Buchvorstellung während des Sachsentreffens in Hermannstadt im Hof des Brukenthalmuseums, von links: Andrei Pleșu, Michael Schmidt, Catrinel Pleșu, Sofia Folberth, Ruxandra Hurezean, Beatrice Ungar, Benjamin Józsa. Foto: George Dumitriu
Wie schwierig trotzdem Fortgehen sein kann, illustriert die Geschichte von Paul Hemmerth, der bereits als Kind nach Deutschland kam. „Er ging durch die Straßen und sah überall bläuliche Lichter in den Fenstern: die Deutschen sahen fern.
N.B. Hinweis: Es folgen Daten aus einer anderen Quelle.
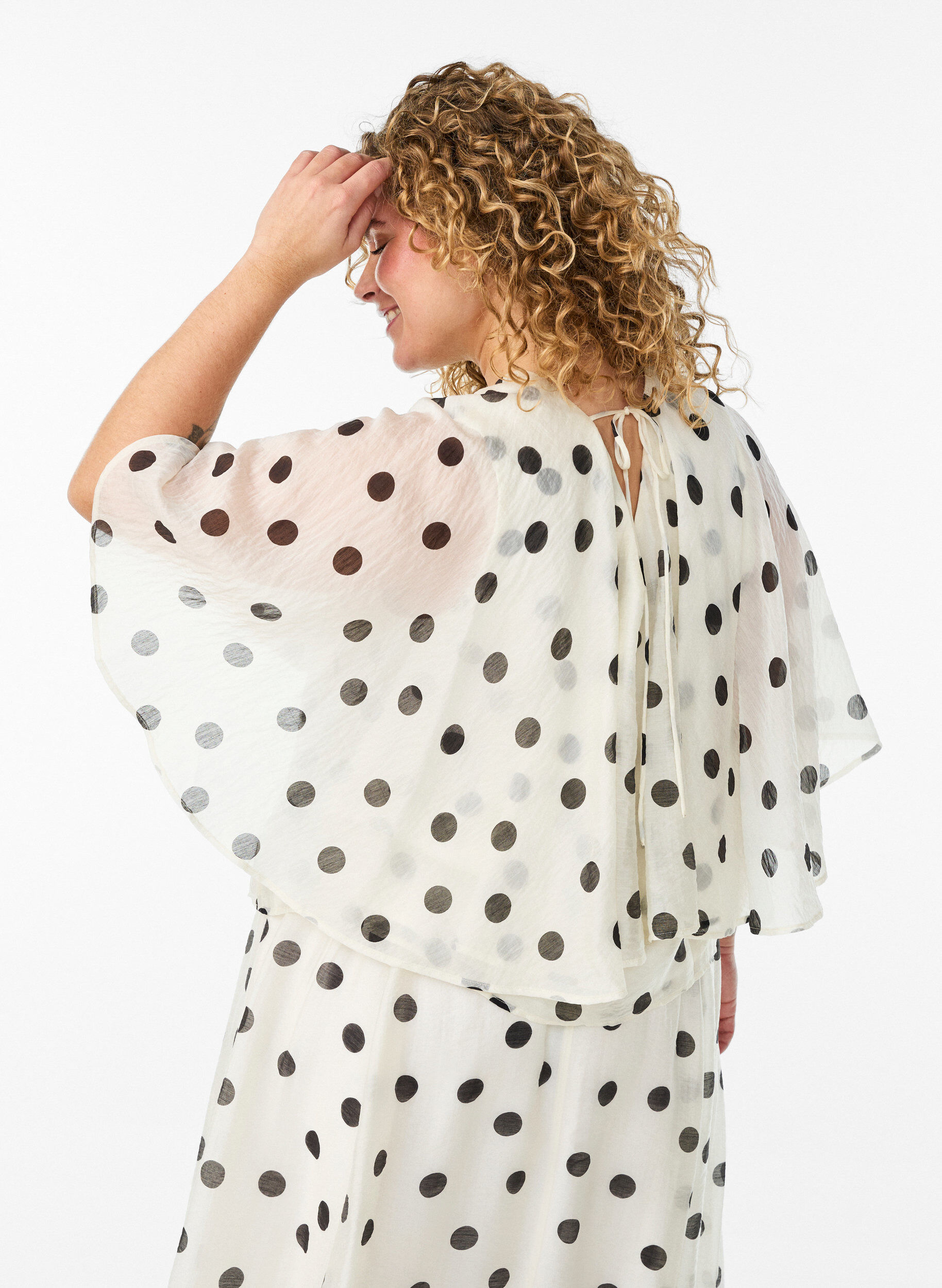 ZizziTop im Lagenlook mit Polka-Dot-Muster, Vanille, Model image number 2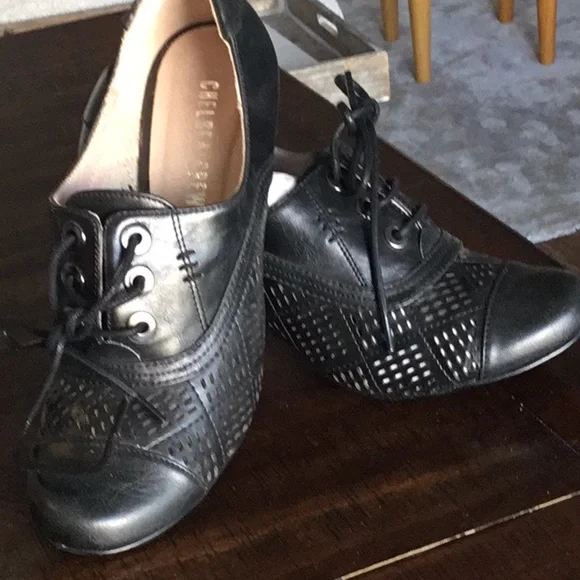 Chelsea Crew - Picture 2 of 3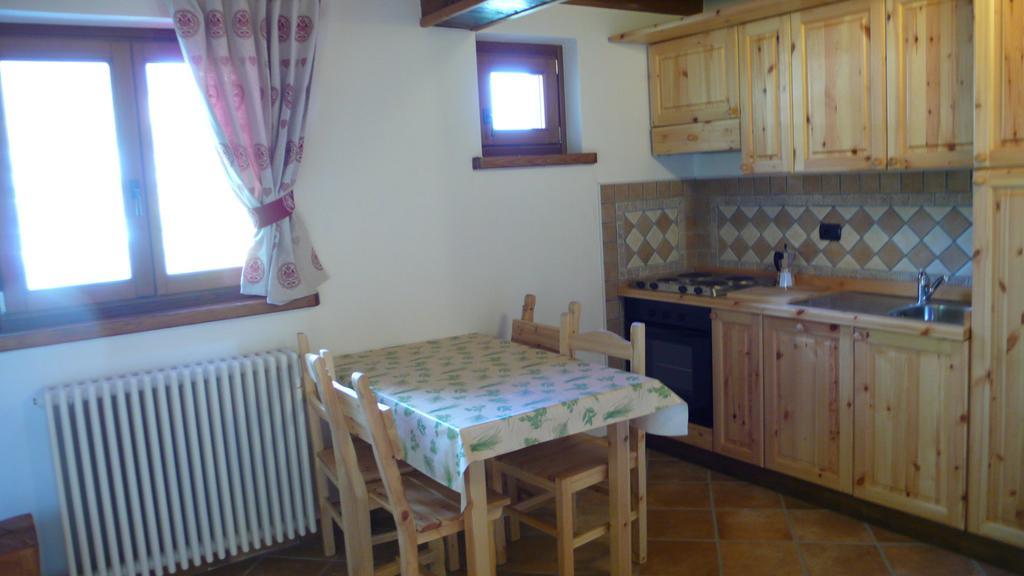 Residence Les Myosotis Champoluc Εξωτερικό φωτογραφία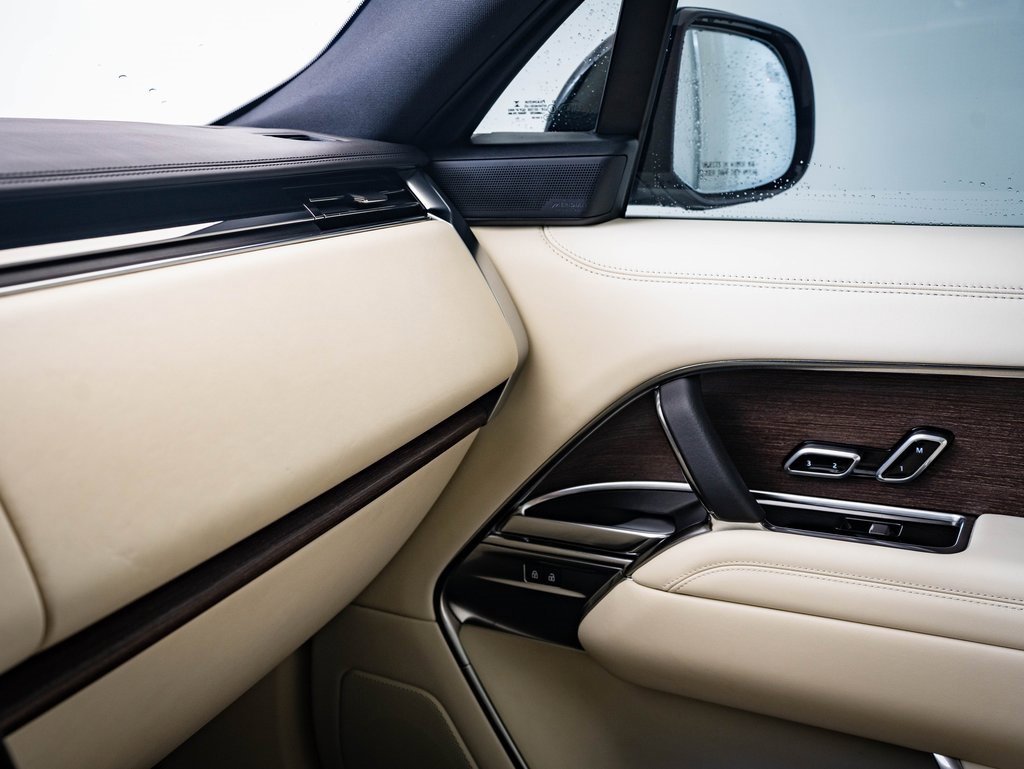 2022 Land Rover Range Rover SE photo 30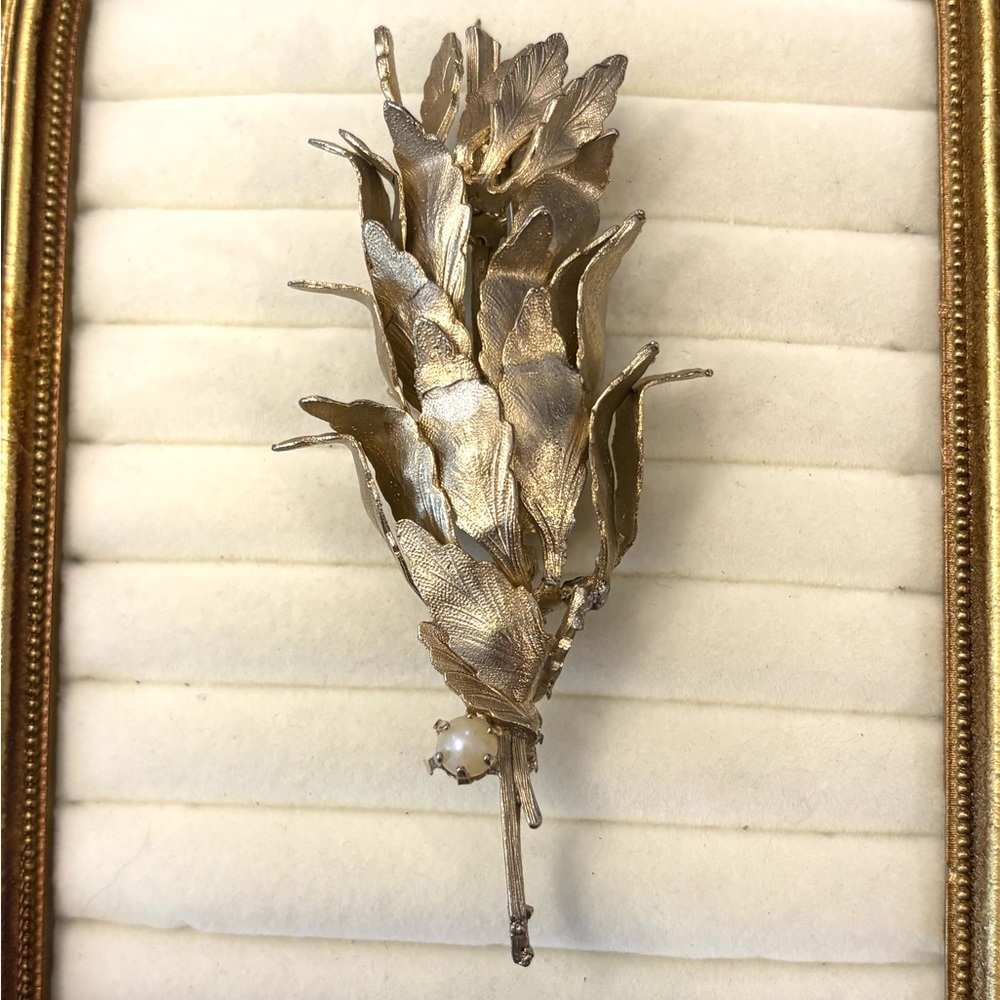 Vintage Large Gold Tone Floral Leaf Stalk Brooch Pin Textured Faux Pearl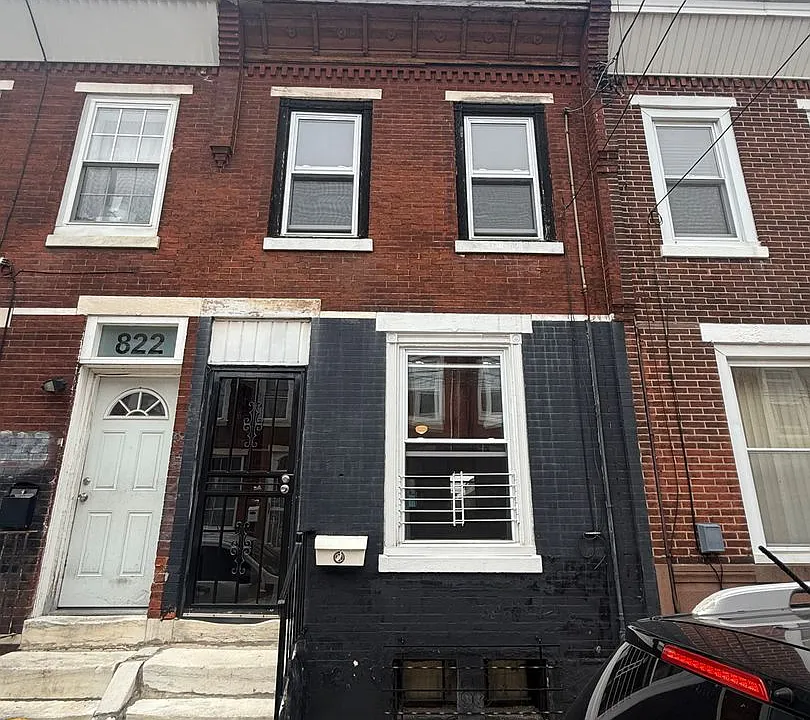 824 Winton St
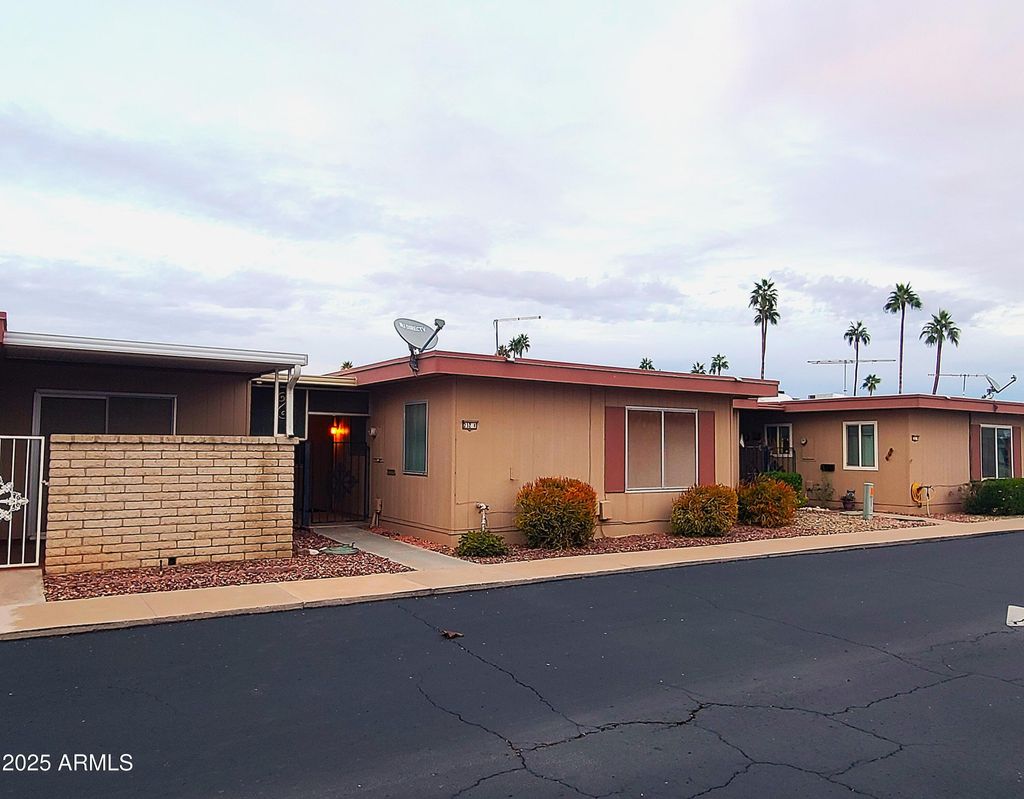 Photo of 13232 N 98th Avenue #E, Sun City, AZ 85351 (MLS # 6950757)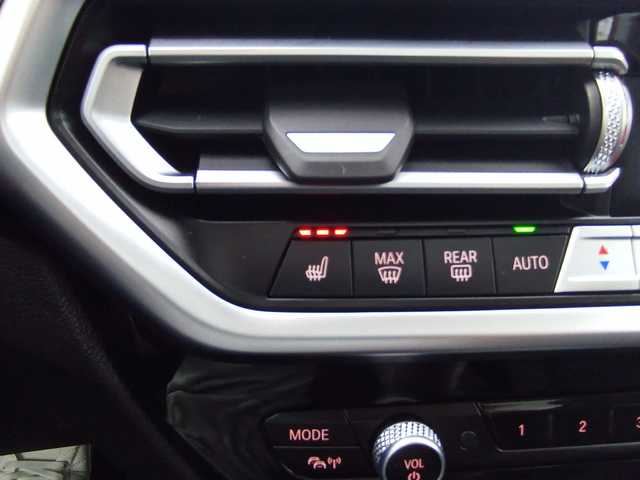 BMW X3 xDrive30e color Negro. Año 2024. 215KW(292CV). Híbrido Electro/Gasolina. En concesionario Augusta Aragon S.A. de Zaragoza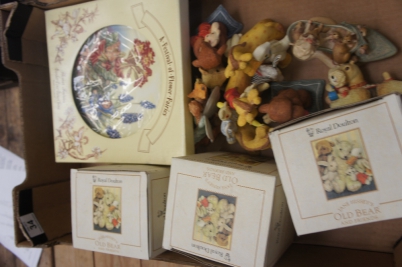 Appraisal: Tray comprising Royal Doulton Old Bear and Friends Figures in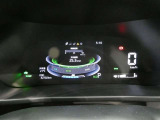 とっても見やすいメーターです。夜間時はラグジュアリーな気分にさせてくれる照明が魅力ですので、夜のドライブも楽しみになりますよ♪
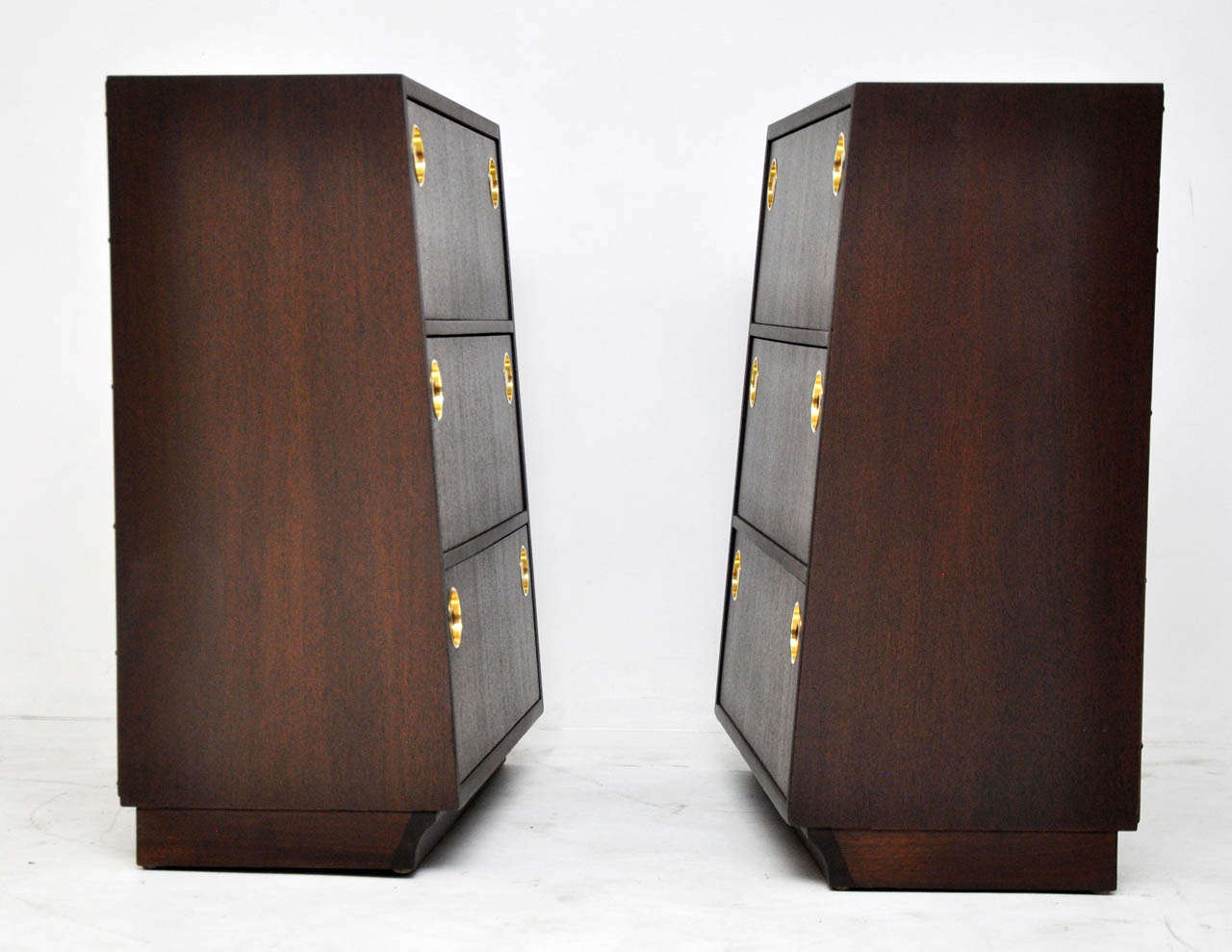 Dunbar Pair of Chests by Edward Wormley In Excellent Condition In Chicago, IL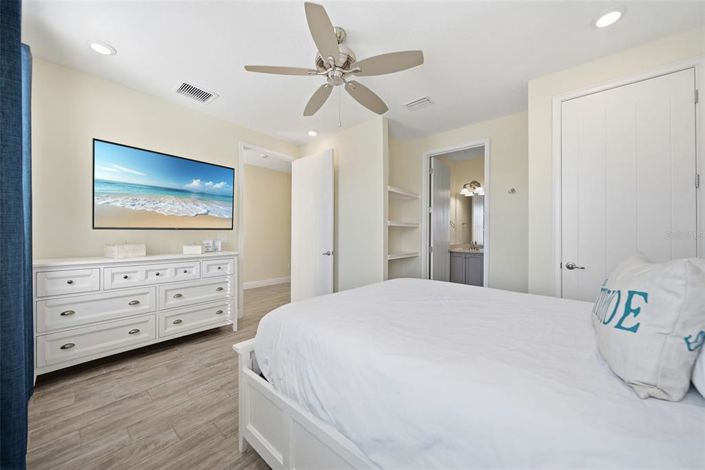 Image No.9-7 Bed Property for sale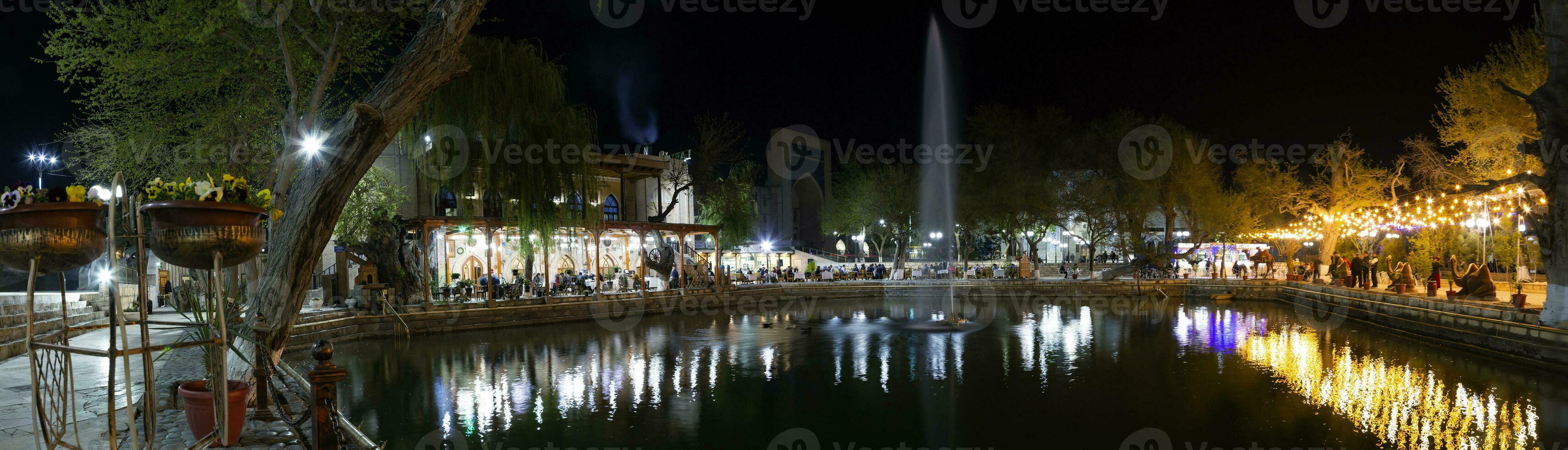 panorama- se av lyabi-khauz ensemble, bukhara foto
Abends schlossen sich alle in ihren Häusern ein und saßen vor dem Bildschirm“, schreibt Hurezean. Hemmerth kehrt schließlich nach Reichesdorf zurück. Kauft Häuser und renoviert sie. Beginnt, sein Dorf mit Freunden zu bevölkern. Innerhalb einiger Jahre ziehen Menschen aus 13 Ländern dorthin. Auch für seine Mutter hat er ein Haus hergerichtet: „Roswitha kehrte in jenes Land zurück, aus dem sie in einer Valentinsnacht mit vier Kisten und zwei Kindern in eine Welt gezogen war, an die sich noch nicht einmal ihre Gene erinnerten. Heute pflegt sie zu sagen, das Leben sei ein Kreis, ‚man muss ihn ganz durchlaufen‘.“

Dass das Universum voller Netzwerke ist, wie ein riesiges Spinnennetz, mit unsichtbaren Verbindungen zwischen all dem, was geschieht, davon ist Sofia Folberth aus Deutsch-Kreuz überzeugt. Erschüttert musste sie als Kind beobachten, wie ihre Mutter das erste selbstgebackene Brot nach dem Krieg an einen Fremden „verfütterte“. Ein Heimkehrer von der Front, der zu Kräften kommen sollte, um weiter in sein Dorf zu gelangen. Was wird Vater sagen, bangte das Mädchen. Doch die Mutter erwiderte nur, sie hoffe, dass auch ihr Sohn, verschollen und totgesagt, von irgendjemandem in der Fremde ein lebensrettendes Stück Brot bekäme. Georg, der Totgesagte, lag unterdessen in einem Lager in Russland, die Beine von Wundbrand befallen. Er wusste: Wer es am Morgen nicht schafft, aufzustehen, werde für tot erklärt und lebendig begraben. Vor Angst fing er an zu weinen. Da wühlte ein Mitinsasse unter seiner Decke ein Stück Brot hervor, das er ihm Klümpchen für Klümpchen in den Mund steckte, damit er zu Kräften käme. Auch Georg schaffte es, heimzukehren. Es ist nicht die einzige unglaubliche Geschichte aus Sofias Leben, die vermittelt, wie wunderbar das Leben trotz aller Härte sein kann. In „Deutsch-Kreuz. Geschichte, Geschichten und Leben eines siebenbürgisch-sächsischen Dorfes“ erzählt sie ihre Lebensgeschichte. Auch das Erlebnis von der Uhr, Geschenk eines späten Geliebten, die für immer stehen blieb, nachdem er diese Welt verlassen hatte … Die Vergangenheit ist ein fremdes Land, schreibt Emil Hurezeanu im Vorwort. Nach der Lektüre beider ­Bücher ist es ein ganzes Stück vertrauter geworden.

Nina May

Ruxandra Hurezean: „Zwischen den Welten“, ins Deutsche übersetzt von Beatrice Ungar, mit einem Vorwort von Anneli Ute Gabanyi, Honterus Verlag, Hermannstadt, 2017, 8,00 Euro, ISBN 978-606-5873-81-6.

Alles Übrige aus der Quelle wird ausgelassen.